We'll try two things to improve the performance: ensuring compiler optimizations are enabled, and making compiler optimizations work better.

The impact of compiler optimizationsšŸ”—

There's an adage that says there's a difference between optimization and not being stupid. This "optimization" truly falls in the not being stupid stupid category. The function import-float-vec relies on the unsafe-deref-float and unsafe-set!-float functions, which I implementated builtin functions. Thus, most of the time in these functions is actually spent in the runtime. When I checked the Makefile for the runtime, I realized I had never enabled compiler optimizations. My thinking was probably something like "oh, we don't need optimizations, since all the interesting computation in Harlan happens in OpenCL kernels." It was easy enough to pass the -O2 flag to the compiler and see what happens. After this change, the results look more like this:

Import vector a time: 0.25
Import vector b time: 0.125
Kernel time: 0.375
             harlan_dot 0.774522

We've shaved off about 82ms, which is actually more than I expected. Also, we see a bit of an artifact in the data, which is that importing vector b takes half the time of vector a, even though they are both the same size. It seems the timer I'm using only has a resolution of about an eighth of a second. This isn't great, but it's good enough for our purposes.

Coding for better optimizationšŸ”—

The body for the unsafe-deref-float and unsafe-set!-float functions are one line of code. They are a single memory reference each. These are cheap and really should just be open coded by the compiler. I didn't do it this way at first because I would have had to push a new language form through a lot of the compiler and wanted something quick and dirty. This would be easier if more of the compiler used the Nanopass framework. However, these functions are prime candidates for inlining, and compilers are pretty good at inlining. Writing these functions this way shouldn't be a problem because the compiler will just inline them away. After all, just look at this section of the disassembly from import-float-vec and see how there are no procedure calls:

   0x00007ffff42afa08 <+296>:   mov    %r12d,%esi
   0x00007ffff42afa0b <+299>:   mov    %rbp,%rdi
   0x00007ffff42afa0e <+302>:   callq  0x7ffff42af270 <_Z18unsafe$deref$floatPfi@plt>
   0x00007ffff42afa13 <+307>:   mov    %r12d,%esi
   0x00007ffff42afa16 <+310>:   mov    %r13,%rdi
   0x00007ffff42afa19 <+313>:   add    $0x1,%r12d
   0x00007ffff42afa1d <+317>:   callq  0x7ffff42af470 <_Z18unsafe$set$b$floatPfif@plt>
   0x00007ffff42afa22 <+322>:   cmp    %r12d,%ebx
   0x00007ffff42afa25 <+325>:   jg     0x7ffff42afa08 <_Z16import$float$vecPfiRP7region_+296>

Oh, just kidding! There are calls to unsafe-deref-float and unsafe-set!-float. Since these functions are just a single memory reference, I wouldn't be surprised if we're paying ten times the cost of the function in just call overhead.

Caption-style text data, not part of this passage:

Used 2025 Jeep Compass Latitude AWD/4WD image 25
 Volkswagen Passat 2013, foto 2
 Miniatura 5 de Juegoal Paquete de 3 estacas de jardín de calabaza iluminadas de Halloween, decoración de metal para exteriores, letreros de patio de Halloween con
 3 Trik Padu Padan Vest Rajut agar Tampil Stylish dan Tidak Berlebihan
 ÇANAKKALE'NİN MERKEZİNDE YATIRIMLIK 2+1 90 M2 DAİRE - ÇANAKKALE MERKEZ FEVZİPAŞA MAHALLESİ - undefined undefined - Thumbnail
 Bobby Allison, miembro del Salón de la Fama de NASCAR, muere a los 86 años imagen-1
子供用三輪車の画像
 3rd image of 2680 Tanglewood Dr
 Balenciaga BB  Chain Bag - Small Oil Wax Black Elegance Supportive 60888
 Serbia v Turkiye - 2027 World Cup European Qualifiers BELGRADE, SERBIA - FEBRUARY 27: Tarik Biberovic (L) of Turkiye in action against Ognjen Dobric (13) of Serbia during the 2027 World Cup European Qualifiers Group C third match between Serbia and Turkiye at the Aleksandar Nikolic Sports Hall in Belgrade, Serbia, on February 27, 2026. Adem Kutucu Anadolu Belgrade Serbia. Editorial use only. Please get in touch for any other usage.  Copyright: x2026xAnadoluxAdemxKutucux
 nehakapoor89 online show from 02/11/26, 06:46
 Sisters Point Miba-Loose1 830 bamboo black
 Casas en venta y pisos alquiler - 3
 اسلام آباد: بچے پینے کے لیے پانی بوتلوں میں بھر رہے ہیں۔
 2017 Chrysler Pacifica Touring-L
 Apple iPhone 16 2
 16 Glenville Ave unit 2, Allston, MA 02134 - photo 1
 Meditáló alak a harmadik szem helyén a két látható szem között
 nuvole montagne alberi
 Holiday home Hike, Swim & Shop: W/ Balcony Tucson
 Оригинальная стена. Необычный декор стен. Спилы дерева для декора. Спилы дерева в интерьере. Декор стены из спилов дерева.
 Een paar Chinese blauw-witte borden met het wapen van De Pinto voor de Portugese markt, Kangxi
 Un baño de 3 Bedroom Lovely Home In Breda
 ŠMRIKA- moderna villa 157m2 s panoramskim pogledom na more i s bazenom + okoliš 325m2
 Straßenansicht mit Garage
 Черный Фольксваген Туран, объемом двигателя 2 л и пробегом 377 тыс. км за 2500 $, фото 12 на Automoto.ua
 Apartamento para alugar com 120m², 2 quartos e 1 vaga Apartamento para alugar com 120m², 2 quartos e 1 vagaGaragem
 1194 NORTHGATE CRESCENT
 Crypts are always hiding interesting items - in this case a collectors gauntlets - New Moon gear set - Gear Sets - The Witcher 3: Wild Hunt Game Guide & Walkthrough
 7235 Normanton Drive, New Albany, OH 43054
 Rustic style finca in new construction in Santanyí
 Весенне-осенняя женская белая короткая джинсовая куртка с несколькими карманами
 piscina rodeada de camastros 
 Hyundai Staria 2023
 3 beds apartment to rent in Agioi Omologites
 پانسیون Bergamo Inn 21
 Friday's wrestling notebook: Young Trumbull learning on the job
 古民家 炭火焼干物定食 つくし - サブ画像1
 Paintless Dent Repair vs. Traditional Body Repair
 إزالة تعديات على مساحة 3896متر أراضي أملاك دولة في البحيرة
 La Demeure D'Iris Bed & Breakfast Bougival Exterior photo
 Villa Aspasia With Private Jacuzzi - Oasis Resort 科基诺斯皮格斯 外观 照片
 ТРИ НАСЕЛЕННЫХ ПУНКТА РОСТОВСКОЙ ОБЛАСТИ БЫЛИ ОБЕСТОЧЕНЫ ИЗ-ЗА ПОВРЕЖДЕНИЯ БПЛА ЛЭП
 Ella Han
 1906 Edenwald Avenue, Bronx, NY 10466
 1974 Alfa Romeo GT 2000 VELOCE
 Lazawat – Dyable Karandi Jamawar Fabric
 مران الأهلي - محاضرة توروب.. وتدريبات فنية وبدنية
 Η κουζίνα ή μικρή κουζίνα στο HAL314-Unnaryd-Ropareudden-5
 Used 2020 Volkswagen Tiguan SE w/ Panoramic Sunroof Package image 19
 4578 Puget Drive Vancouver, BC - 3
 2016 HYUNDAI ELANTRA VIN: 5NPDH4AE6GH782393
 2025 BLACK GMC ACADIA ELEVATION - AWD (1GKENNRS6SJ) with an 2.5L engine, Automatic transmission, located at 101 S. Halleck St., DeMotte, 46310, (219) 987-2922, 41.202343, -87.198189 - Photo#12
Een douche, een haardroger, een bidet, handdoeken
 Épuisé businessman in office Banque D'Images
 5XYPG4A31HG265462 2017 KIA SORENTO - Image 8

The problem is that the compiler cannot inline these functions because they are in a separate library. Instead, we want to include these functions in the source code we are compiler. The easiest way to do this is to move their definition to harlan.hpp, which is included in every Harlan program. After making this change, the performance looks something like this:

Import vector a time: 0.125
Import vector b time: 0
Kernel time: 0.375
             harlan_dot 0.522239

Now we're spending the majority of time in the kernel, which is what we'd like.

Here's the chart from last time, along with our new results.

Execution time for dot product on 33,554,432 element vectors (shorter bars are better).

We've got a ways to go still, but this is a significant improvement over where we were before. The next step is to dig deeper into the why the kernel time is as large as it is.